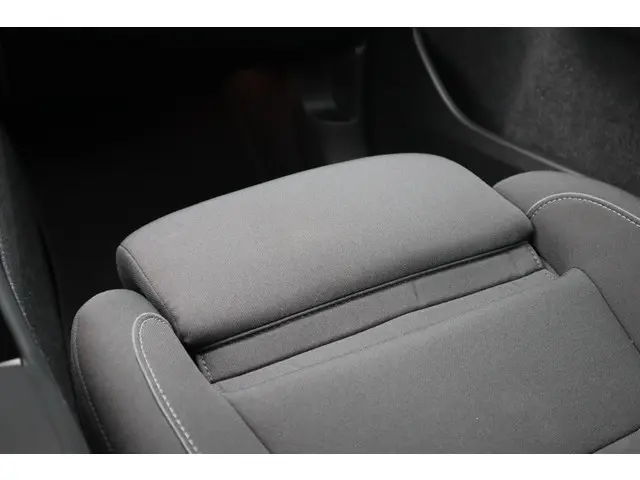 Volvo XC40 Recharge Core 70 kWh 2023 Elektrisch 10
* * *
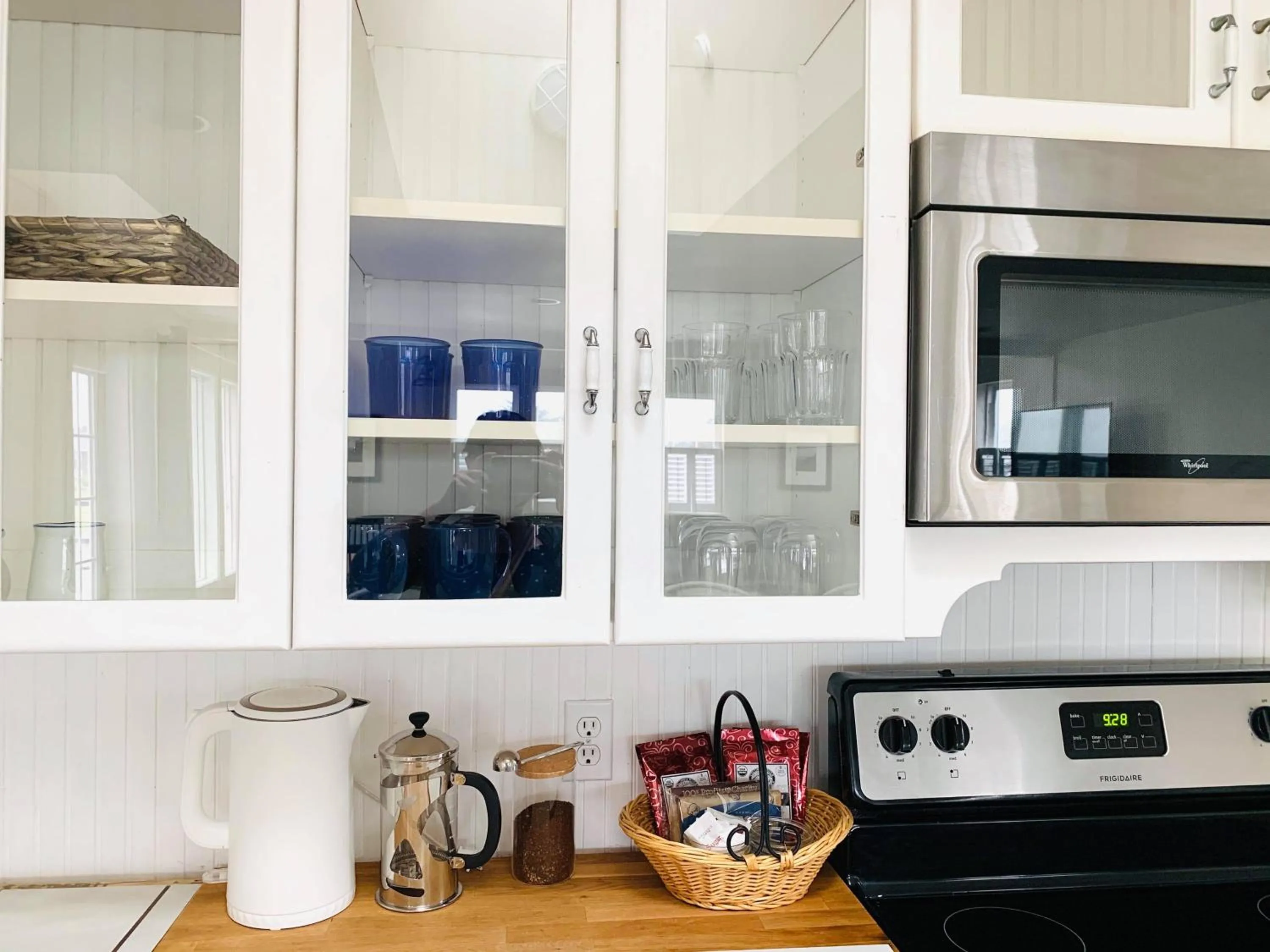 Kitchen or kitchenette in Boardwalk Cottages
---
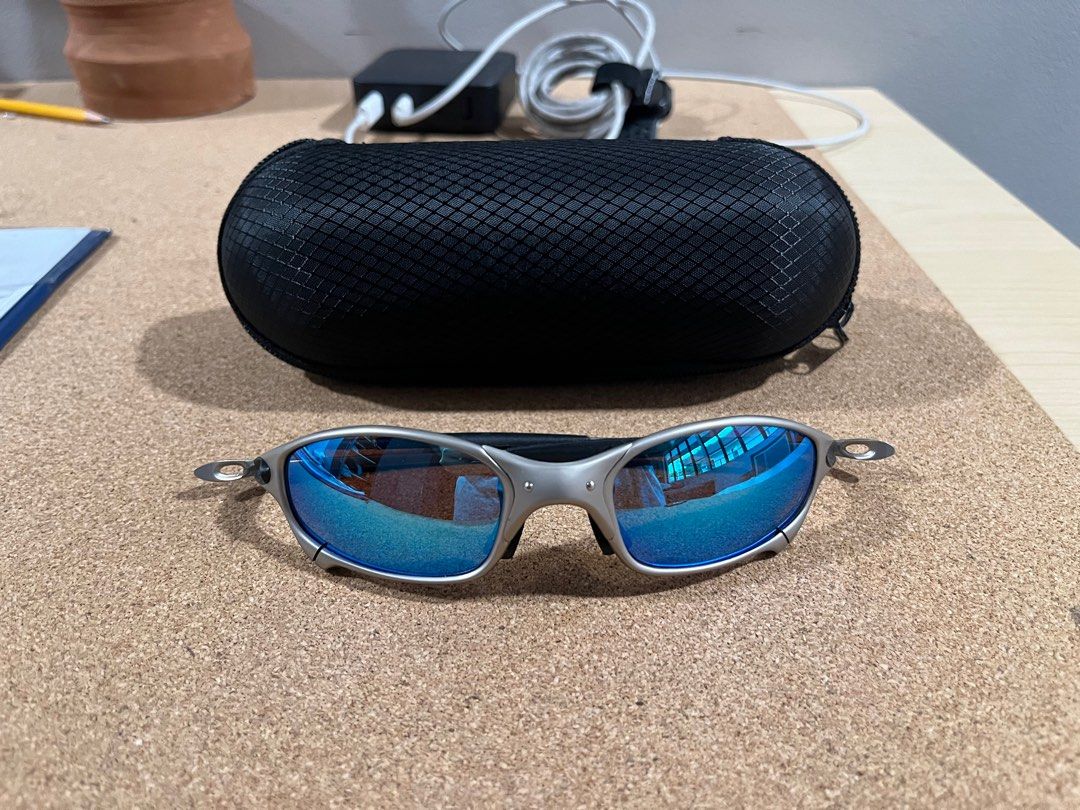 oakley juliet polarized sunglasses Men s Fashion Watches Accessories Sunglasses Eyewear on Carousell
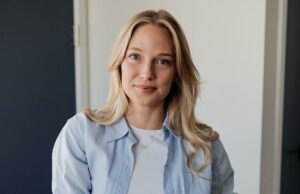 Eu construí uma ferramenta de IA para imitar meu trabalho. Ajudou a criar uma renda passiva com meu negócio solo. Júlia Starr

Work order: Above are the records. Copy word for word only their lines from the one holding "oakley juliet polarized" through the one holding "Eu construí uma", both included, and skip the images.

Exercise output:
 oakley juliet polarized sunglasses Men s Fashion Watches Accessories Sunglasses Eyewear on Carousell
 Eu construí uma ferramenta de IA para imitar meu trabalho. Ajudou a criar uma renda passiva com meu negócio solo. Júlia Starr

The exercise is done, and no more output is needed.